┌────────

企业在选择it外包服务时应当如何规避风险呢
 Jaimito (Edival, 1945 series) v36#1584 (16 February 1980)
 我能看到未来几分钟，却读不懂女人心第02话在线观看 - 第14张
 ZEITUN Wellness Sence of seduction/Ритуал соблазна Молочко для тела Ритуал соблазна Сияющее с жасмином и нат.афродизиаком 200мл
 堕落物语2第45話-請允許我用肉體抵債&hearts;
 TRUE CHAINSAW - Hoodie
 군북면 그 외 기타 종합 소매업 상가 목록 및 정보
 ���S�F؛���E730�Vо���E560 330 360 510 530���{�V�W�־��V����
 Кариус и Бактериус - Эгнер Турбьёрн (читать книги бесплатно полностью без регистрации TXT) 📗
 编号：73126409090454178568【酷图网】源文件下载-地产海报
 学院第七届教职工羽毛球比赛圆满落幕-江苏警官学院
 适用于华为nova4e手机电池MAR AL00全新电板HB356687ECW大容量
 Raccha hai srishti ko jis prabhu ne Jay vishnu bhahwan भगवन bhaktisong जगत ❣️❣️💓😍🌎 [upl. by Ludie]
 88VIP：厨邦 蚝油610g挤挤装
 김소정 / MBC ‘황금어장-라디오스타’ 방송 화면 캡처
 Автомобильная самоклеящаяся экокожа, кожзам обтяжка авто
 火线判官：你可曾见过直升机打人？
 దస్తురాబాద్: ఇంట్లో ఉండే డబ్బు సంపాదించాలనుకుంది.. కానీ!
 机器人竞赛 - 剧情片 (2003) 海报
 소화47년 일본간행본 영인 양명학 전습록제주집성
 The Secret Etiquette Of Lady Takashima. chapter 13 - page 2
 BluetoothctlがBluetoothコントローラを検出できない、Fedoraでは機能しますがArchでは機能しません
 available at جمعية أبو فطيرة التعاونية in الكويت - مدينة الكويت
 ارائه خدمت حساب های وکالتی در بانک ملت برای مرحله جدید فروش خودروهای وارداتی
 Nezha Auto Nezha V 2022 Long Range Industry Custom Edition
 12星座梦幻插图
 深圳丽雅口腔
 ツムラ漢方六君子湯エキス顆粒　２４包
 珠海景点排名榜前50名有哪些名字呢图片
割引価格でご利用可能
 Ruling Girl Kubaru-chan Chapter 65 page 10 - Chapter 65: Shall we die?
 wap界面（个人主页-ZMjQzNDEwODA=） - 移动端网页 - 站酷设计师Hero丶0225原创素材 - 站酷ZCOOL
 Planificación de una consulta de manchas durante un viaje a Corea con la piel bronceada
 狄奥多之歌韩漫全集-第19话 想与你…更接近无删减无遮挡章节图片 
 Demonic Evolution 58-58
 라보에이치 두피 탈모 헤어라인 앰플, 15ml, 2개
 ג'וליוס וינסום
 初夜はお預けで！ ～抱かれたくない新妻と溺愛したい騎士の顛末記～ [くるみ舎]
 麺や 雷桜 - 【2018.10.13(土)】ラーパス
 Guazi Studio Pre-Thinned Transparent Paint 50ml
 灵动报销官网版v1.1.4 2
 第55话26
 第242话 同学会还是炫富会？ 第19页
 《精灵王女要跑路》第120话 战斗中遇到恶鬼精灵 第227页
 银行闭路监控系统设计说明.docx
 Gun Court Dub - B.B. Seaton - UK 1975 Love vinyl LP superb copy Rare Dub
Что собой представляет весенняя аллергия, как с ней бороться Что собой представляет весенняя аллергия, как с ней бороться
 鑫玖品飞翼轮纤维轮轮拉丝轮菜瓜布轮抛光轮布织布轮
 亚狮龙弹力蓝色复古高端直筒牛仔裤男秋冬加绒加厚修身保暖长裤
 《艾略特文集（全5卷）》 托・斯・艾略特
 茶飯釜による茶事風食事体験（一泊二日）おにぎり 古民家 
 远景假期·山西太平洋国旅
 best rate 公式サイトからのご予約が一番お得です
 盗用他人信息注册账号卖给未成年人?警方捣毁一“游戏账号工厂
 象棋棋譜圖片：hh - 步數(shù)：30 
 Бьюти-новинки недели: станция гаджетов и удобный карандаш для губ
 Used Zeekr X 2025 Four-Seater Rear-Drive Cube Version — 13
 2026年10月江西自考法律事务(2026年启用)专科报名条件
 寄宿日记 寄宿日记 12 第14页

└────────

Keep both end lines and retype everything in the records above from the line containing "ارائه خدمت حساب" through the line containing "ג'וליוס וינסום", exactly, with nothing else.

 ارائه خدمت حساب های وکالتی در بانک ملت برای مرحله جدید فروش خودروهای وارداتی
 Nezha Auto Nezha V 2022 Long Range Industry Custom Edition
 12星座梦幻插图
 深圳丽雅口腔
 ツムラ漢方六君子湯エキス顆粒　２４包
 珠海景点排名榜前50名有哪些名字呢图片
割引価格でご利用可能
 Ruling Girl Kubaru-chan Chapter 65 page 10 - Chapter 65: Shall we die?
 wap界面（个人主页-ZMjQzNDEwODA=） - 移动端网页 - 站酷设计师Hero丶0225原创素材 - 站酷ZCOOL
 Planificación de una consulta de manchas durante un viaje a Corea con la piel bronceada
 狄奥多之歌韩漫全集-第19话 想与你…更接近无删减无遮挡章节图片 
 Demonic Evolution 58-58
 라보에이치 두피 탈모 헤어라인 앰플, 15ml, 2개
 ג'וליוס וינסום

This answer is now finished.